DETAILED DESCRIPTION
[0022] The operations for processing each of the RGB signals are
substantially the same as one other. For convenience and
simplification of the descriptions, the operations of processing a
single RGB signals is utilized as an example hereinafter.
[0023] Please refer to FIG. 3, which shows a simplified block
diagram of an AFE circuit 300 according to one embodiment of the
present invention. The AFE circuit 300 adopts the interleaved ADC
architecture.
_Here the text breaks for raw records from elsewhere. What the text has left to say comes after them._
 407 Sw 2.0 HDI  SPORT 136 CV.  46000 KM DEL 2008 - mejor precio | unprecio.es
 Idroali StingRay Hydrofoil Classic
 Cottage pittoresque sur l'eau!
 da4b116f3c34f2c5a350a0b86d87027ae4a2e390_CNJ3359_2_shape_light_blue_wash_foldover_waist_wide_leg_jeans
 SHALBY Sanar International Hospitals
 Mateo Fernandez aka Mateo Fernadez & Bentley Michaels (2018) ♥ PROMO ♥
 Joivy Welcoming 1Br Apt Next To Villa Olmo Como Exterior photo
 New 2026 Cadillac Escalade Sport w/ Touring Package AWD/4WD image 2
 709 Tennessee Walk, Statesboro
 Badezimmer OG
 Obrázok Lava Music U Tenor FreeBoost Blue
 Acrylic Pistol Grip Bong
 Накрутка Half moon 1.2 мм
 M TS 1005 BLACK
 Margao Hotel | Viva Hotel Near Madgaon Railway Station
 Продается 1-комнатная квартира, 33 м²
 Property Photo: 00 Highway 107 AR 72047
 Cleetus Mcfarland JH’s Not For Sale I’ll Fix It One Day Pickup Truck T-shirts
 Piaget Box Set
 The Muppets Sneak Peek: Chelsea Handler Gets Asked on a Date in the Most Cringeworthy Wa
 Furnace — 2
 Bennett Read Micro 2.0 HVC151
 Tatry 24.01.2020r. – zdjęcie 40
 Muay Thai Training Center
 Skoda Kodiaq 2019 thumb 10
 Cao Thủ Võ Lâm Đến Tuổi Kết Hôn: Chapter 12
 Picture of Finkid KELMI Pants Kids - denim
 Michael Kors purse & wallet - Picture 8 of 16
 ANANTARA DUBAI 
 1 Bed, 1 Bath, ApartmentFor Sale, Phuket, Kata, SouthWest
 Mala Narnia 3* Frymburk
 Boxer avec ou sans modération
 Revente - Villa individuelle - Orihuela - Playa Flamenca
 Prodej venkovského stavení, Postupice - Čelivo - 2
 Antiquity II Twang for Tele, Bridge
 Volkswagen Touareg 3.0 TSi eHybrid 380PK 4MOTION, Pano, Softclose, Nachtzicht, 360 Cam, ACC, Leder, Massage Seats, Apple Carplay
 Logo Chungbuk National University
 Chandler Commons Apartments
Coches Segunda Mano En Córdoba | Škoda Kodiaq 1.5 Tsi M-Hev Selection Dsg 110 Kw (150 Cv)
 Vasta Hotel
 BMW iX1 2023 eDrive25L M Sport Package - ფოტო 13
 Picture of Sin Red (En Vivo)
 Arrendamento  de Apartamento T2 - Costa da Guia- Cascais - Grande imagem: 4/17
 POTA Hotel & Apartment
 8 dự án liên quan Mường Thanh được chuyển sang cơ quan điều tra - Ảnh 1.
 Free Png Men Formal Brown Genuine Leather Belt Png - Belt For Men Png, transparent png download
As shown, the AFE circuit 300 comprises a first
analog-to-digital converter (ADC) 320, a second ADC 330, and a
clock control circuit 360; wherein the first and second ADCs
construct a time-interleaved ADC. In FIG. 3, the analog video
signal V_analog corresponds to one of the three primary colors R,
G, or B.
[0024] The clock control circuit 360 is arranged for intermittently
or alternately inverting a working clock to generate a control
signal. The clock control circuit 360 is also employed to generate
a sampling signal according to the control signal or the working
clock. In one embodiment, the clock control circuit 360 comprises a
first frequency divider 310 and a control unit 350. In this
embodiment, the first frequency divider 310 is arranged for
dividing the frequency of a working clock WCLK by two to generate
the sampling signal. In other words, the frequency of the sampling
signal is half of the working clock WCLK. The first ADC 320
converts the even pixels of the analog video signal V_analog into a
first digital video signal V_even according to the sampling signal.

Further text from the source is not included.